"""

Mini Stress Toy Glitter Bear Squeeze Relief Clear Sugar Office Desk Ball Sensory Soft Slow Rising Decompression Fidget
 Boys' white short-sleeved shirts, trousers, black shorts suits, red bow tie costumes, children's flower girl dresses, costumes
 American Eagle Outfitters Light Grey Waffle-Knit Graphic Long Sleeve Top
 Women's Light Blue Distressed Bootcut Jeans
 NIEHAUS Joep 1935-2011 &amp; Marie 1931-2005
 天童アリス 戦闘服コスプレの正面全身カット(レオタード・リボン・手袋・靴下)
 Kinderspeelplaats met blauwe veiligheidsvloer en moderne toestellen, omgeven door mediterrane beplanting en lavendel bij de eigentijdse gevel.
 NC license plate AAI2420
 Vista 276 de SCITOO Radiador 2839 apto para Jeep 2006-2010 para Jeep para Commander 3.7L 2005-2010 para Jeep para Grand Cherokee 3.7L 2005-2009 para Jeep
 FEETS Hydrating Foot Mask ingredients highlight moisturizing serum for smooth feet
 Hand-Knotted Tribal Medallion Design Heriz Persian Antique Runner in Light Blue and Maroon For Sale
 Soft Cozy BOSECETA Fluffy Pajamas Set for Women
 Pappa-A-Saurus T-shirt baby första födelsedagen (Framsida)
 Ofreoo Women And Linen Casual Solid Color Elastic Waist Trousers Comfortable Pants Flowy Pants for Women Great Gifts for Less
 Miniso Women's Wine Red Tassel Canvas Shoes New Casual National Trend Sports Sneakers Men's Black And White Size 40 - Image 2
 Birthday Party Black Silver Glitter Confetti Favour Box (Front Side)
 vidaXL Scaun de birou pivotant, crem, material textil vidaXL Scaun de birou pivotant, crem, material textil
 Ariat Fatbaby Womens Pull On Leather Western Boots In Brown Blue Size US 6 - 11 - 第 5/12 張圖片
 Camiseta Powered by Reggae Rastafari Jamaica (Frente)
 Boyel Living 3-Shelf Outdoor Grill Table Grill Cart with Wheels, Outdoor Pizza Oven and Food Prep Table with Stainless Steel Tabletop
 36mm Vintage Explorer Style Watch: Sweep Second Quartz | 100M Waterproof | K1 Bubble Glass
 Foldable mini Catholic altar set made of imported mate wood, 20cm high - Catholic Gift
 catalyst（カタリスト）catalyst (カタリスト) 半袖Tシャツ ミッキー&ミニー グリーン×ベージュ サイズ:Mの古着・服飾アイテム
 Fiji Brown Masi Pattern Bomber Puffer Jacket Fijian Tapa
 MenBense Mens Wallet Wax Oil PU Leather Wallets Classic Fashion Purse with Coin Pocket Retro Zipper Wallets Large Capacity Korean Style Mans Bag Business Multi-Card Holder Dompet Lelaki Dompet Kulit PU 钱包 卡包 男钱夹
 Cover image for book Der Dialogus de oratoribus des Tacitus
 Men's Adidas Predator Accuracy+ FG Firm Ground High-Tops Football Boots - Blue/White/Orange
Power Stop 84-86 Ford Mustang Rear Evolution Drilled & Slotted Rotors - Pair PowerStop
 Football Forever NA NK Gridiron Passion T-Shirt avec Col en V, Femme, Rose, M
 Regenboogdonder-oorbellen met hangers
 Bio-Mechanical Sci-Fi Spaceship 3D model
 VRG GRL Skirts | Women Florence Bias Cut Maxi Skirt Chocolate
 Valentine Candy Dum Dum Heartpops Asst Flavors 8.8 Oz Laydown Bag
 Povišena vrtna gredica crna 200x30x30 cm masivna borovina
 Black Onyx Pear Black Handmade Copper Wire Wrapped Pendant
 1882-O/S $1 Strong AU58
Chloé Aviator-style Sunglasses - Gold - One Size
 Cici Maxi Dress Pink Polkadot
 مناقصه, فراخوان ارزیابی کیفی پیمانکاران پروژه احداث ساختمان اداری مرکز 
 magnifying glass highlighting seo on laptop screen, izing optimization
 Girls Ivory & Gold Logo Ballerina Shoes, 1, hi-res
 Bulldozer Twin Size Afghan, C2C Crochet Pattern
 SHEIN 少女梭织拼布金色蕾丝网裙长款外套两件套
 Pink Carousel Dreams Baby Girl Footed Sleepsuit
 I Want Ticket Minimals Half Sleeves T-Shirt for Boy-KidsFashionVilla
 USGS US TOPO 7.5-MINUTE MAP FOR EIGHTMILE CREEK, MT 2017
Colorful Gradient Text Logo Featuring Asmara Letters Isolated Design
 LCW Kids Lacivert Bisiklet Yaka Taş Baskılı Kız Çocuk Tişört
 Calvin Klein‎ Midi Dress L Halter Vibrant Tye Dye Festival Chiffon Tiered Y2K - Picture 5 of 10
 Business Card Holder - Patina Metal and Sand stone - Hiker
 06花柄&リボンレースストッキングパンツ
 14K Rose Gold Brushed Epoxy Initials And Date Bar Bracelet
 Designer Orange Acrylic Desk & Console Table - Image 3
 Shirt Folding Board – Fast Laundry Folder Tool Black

"""

GOAL OF THE EXERCISE → Transcribe, please, every line from the first line of the listing above through the line with "Fiji Brown Masi". Keep both ends and nothing else.

RESPONSE AREA →
Mini Stress Toy Glitter Bear Squeeze Relief Clear Sugar Office Desk Ball Sensory Soft Slow Rising Decompression Fidget
 Boys' white short-sleeved shirts, trousers, black shorts suits, red bow tie costumes, children's flower girl dresses, costumes
 American Eagle Outfitters Light Grey Waffle-Knit Graphic Long Sleeve Top
 Women's Light Blue Distressed Bootcut Jeans
 NIEHAUS Joep 1935-2011 &amp; Marie 1931-2005
 天童アリス 戦闘服コスプレの正面全身カット(レオタード・リボン・手袋・靴下)
 Kinderspeelplaats met blauwe veiligheidsvloer en moderne toestellen, omgeven door mediterrane beplanting en lavendel bij de eigentijdse gevel.
 NC license plate AAI2420
 Vista 276 de SCITOO Radiador 2839 apto para Jeep 2006-2010 para Jeep para Commander 3.7L 2005-2010 para Jeep para Grand Cherokee 3.7L 2005-2009 para Jeep
 FEETS Hydrating Foot Mask ingredients highlight moisturizing serum for smooth feet
 Hand-Knotted Tribal Medallion Design Heriz Persian Antique Runner in Light Blue and Maroon For Sale
 Soft Cozy BOSECETA Fluffy Pajamas Set for Women
 Pappa-A-Saurus T-shirt baby första födelsedagen (Framsida)
 Ofreoo Women And Linen Casual Solid Color Elastic Waist Trousers Comfortable Pants Flowy Pants for Women Great Gifts for Less
 Miniso Women's Wine Red Tassel Canvas Shoes New Casual National Trend Sports Sneakers Men's Black And White Size 40 - Image 2
 Birthday Party Black Silver Glitter Confetti Favour Box (Front Side)
 vidaXL Scaun de birou pivotant, crem, material textil vidaXL Scaun de birou pivotant, crem, material textil
 Ariat Fatbaby Womens Pull On Leather Western Boots In Brown Blue Size US 6 - 11 - 第 5/12 張圖片
 Camiseta Powered by Reggae Rastafari Jamaica (Frente)
 Boyel Living 3-Shelf Outdoor Grill Table Grill Cart with Wheels, Outdoor Pizza Oven and Food Prep Table with Stainless Steel Tabletop
 36mm Vintage Explorer Style Watch: Sweep Second Quartz | 100M Waterproof | K1 Bubble Glass
 Foldable mini Catholic altar set made of imported mate wood, 20cm high - Catholic Gift
 catalyst（カタリスト）catalyst (カタリスト) 半袖Tシャツ ミッキー&ミニー グリーン×ベージュ サイズ:Mの古着・服飾アイテム
 Fiji Brown Masi Pattern Bomber Puffer Jacket Fijian Tapa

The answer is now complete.